Burning Valley
- First edition
- Author: Phillip Bonosky
- Language: English
- Genre: Proletarian literature
- Publisher: Masses & Mainstream
- Publication date: October 1953
- Publication place: USA
- Media type: Print (hardback)
- Pages: 288
- OCLC: 37315232

= Burning Valley =

1953 novel by Phillip Bonosky

Burning Valley is a 1953 coming-of-age novel by the American writer Phillip Bonosky set in the steel valley of Pittsburgh, Pennsylvania during the 1920s. It was originally published in the Communist Party publication Masses and Mainstream. In 1998 it was reprinted as part of the series "The Radical Novel Reconsidered" by the University of Illinois Press.

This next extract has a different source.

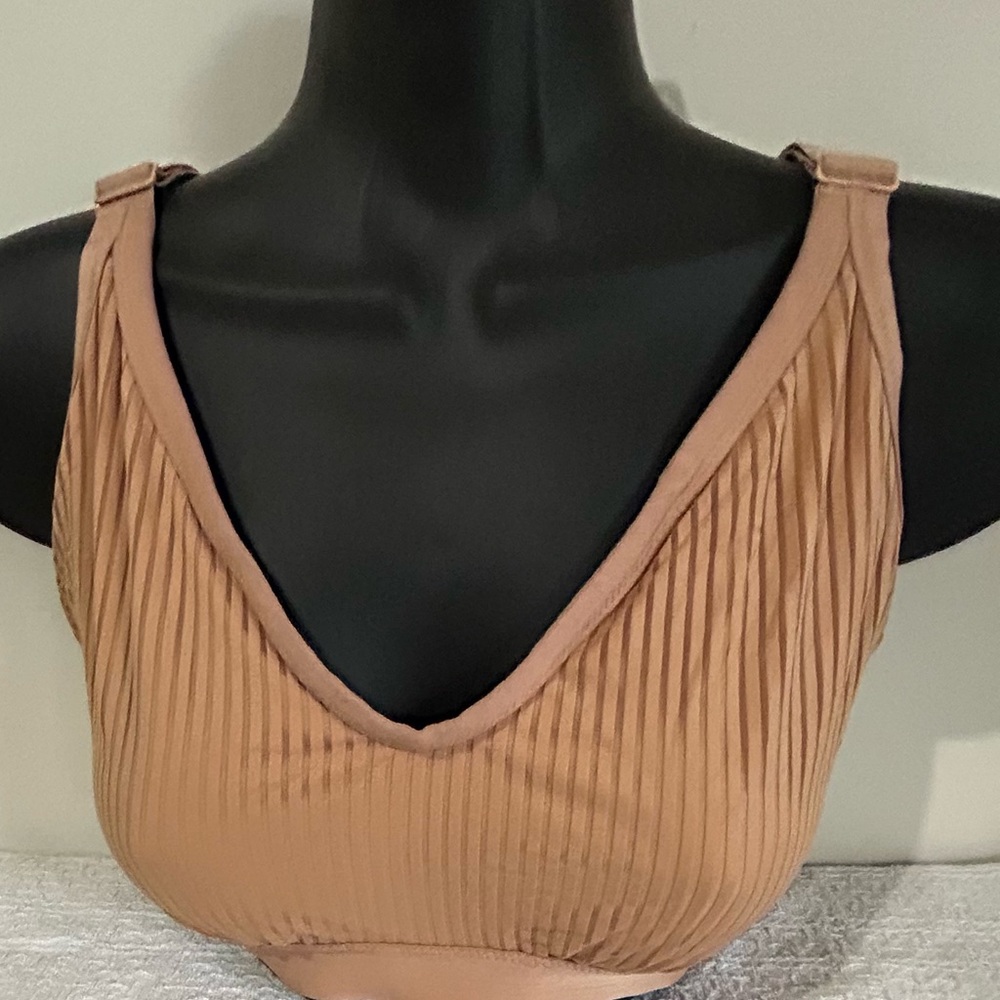 Playtex Tan Ribbed Bra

The novel tells the story of Benedict Bulmanis, son of an immigrant Lithuanian steelworker, who feels called to the Roman Catholic priesthood, but is torn by local political events as steelworkers struggle to organize in the face of corporate expansion. Banks and millowners plan to clear land in the Monongahela River Valley for a new steel mill, but it means forcing workers from their homes. This expansion and technological upgrading will increase production but lay off thousands. The workers and homeless rebel, in an echo of the Steel strike of 1919, and young Benedict must choose sides.